Mon Jul 14 05:55:29 PDT 2014

On Fri, Jul 11, 2014 at 09:12:38PM +0100, Peter Zijlstra wrote:
> On Fri, Jul 11, 2014 at 07:39:29PM +0200, Vincent Guittot wrote:
> > In my mind, arch_scale_cpu_freq was intend to scale the capacity of
> > the CPU according to the current dvfs operating point.
> > As it's no more use anywhere now that we have arch_scale_cpu, we could
> > probably remove it .. and see when it will become used.
> 
> I probably should have written comments when I wrote that code, but it
> was meant to be used only where, as described above, we limit things.
> Ondemand and such, which will temporarily decrease freq, will ramp it up
> again at demand, and therefore lowering the capacity will skew things.
> 
> You'll put less load on because its run slower, and then you'll run it
> slower because there's less load on -> cyclic FAIL.

Agreed. We can't use a frequency scaled compute capacity for all
load-balancing decisions. However, IMHO, it would be useful to have know
the current compute capacity in addition to the max compute capacity
when considering energy costs.

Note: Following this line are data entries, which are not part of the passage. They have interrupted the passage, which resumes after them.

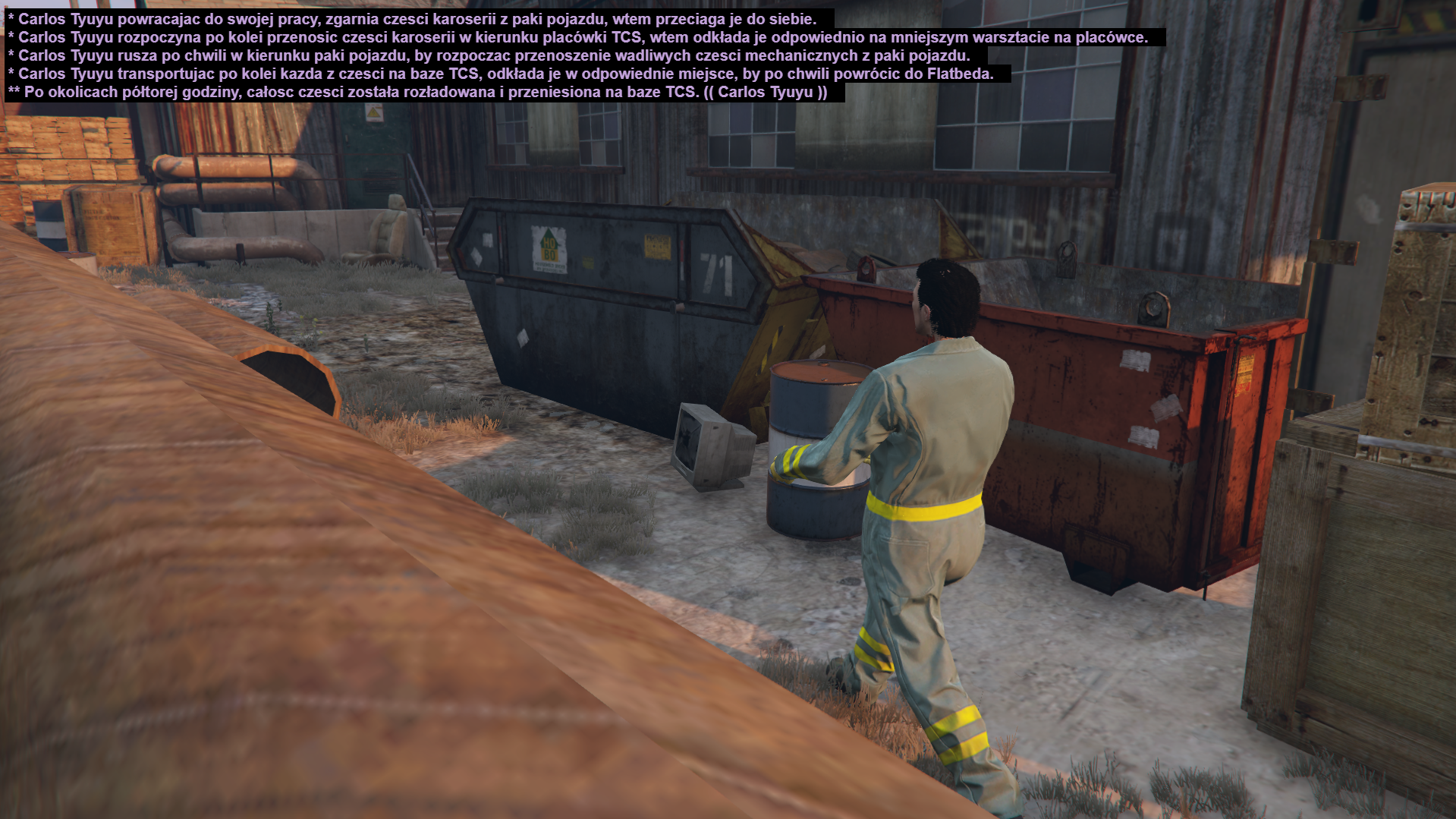 Screenshot-39.png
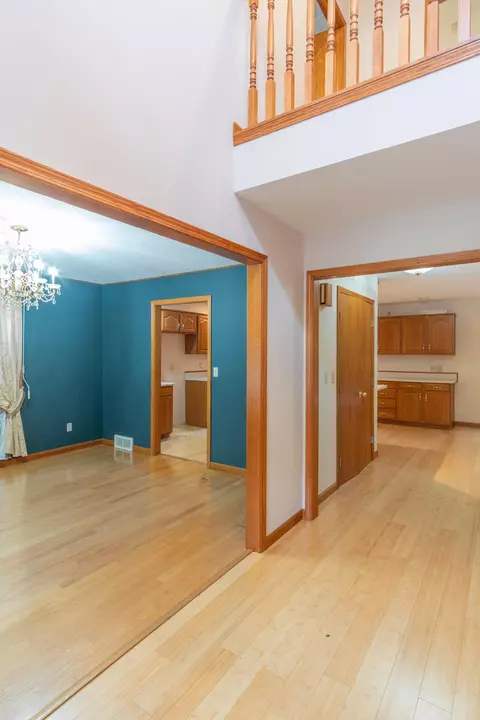 661 Ridgeway Dr, Sidney, OH 45365 photo 8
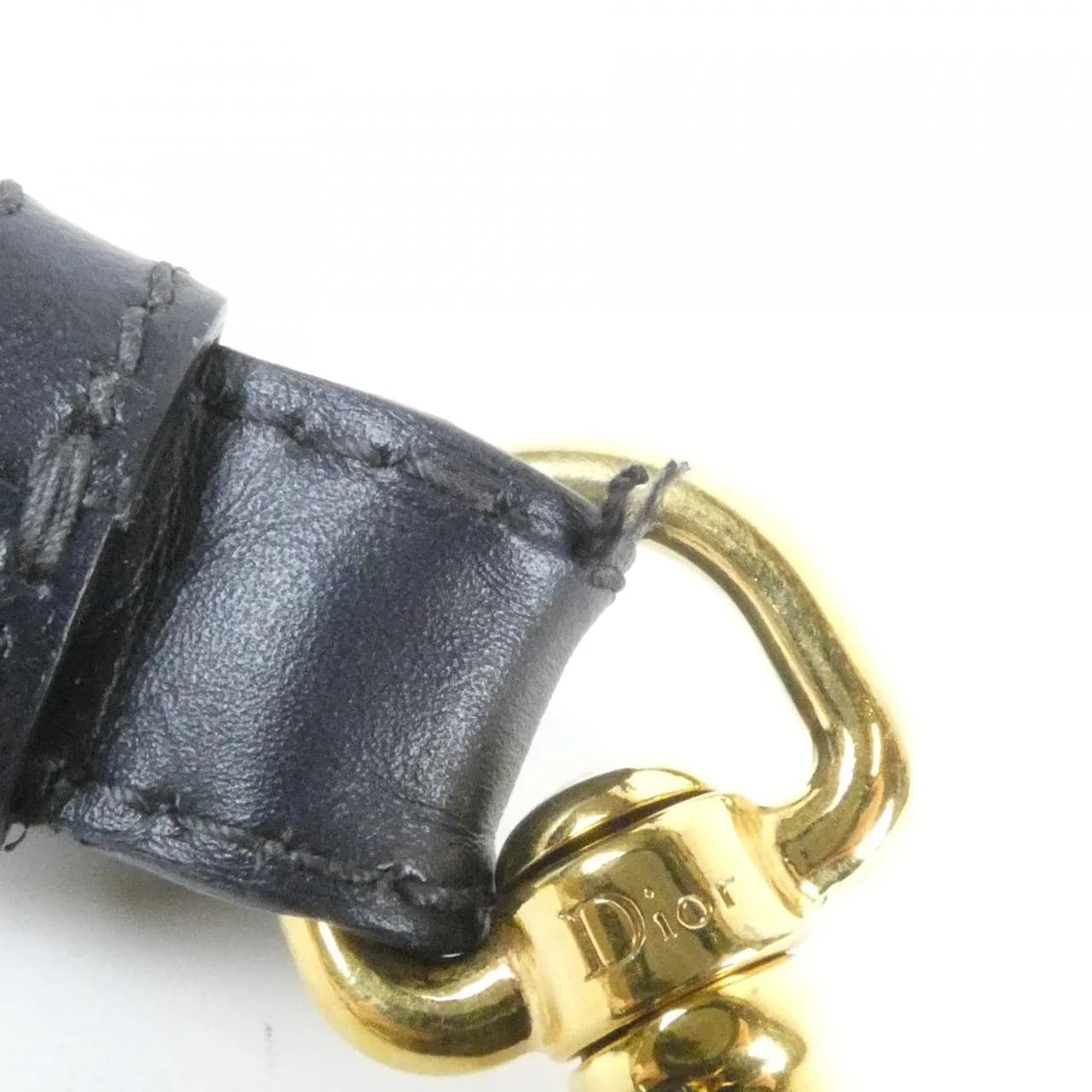 DIOR Bobby M9320UMOB Shoulder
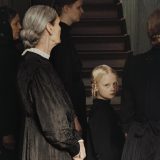 20 filmova 2025. (drugi deo) 8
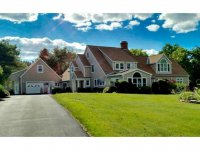 109 Cheney Hill
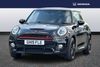 MINI HATCHBACK 2.0 Cooper S Sport II 3dr Auto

So we would have something like:

* capacity_max: cpu capacity at highest frequency.

* capacity_cur: cpu capacity at current frequency.

* capacity_avail: cpu capacity currently available. Basically
  capacity_cur taking rt, deadline, and irq accounting into account.

capacity_max should probably include rt, deadline, and irq accounting as
well. Or we need both?

Based on your description arch_scale_freq_capacity() can't be abused to
implement capacity_cur (and capacity_avail) unless it is repurposed.
Nobody seems to implement it. Otherwise we would need something similar
to update capacity_cur (and capacity_avail). 

As a side note, we can potentially get into a similar fail cycle already
due to the lack of scale invariance in the entity load tracking.

> 
> > > In that same discussion ISTR a suggestion about adding avg_running time,
> > > as opposed to the current avg_runnable. The sum of avg_running should be
> > > much more accurate, and still react correctly to migrations.
> > 
> > I haven't look in details but I agree that avg_running would be much
> > more accurate than avg_runnable and should probably fit the
> > requirement. Does it means that we could re-add the avg_running (or
> > something similar) that has disappeared during the review of load avg
> > tracking patchset ?
> 
> Sure, I think we killed it there because there wasn't an actual use for
> it and I'm always in favour of stripping everything to their bare bones,
> esp big and complex things.
> 
> And then later, add things back once we have need for it.

I think it is a useful addition to the set of utilization metrics. I
don't think it is universally more accurate than runnable_avg. Actually
quite the opposite when the cpu is overloaded. But for partially loaded
cpus it is very useful if you don't want to factor in waiting time on
the rq.

Morten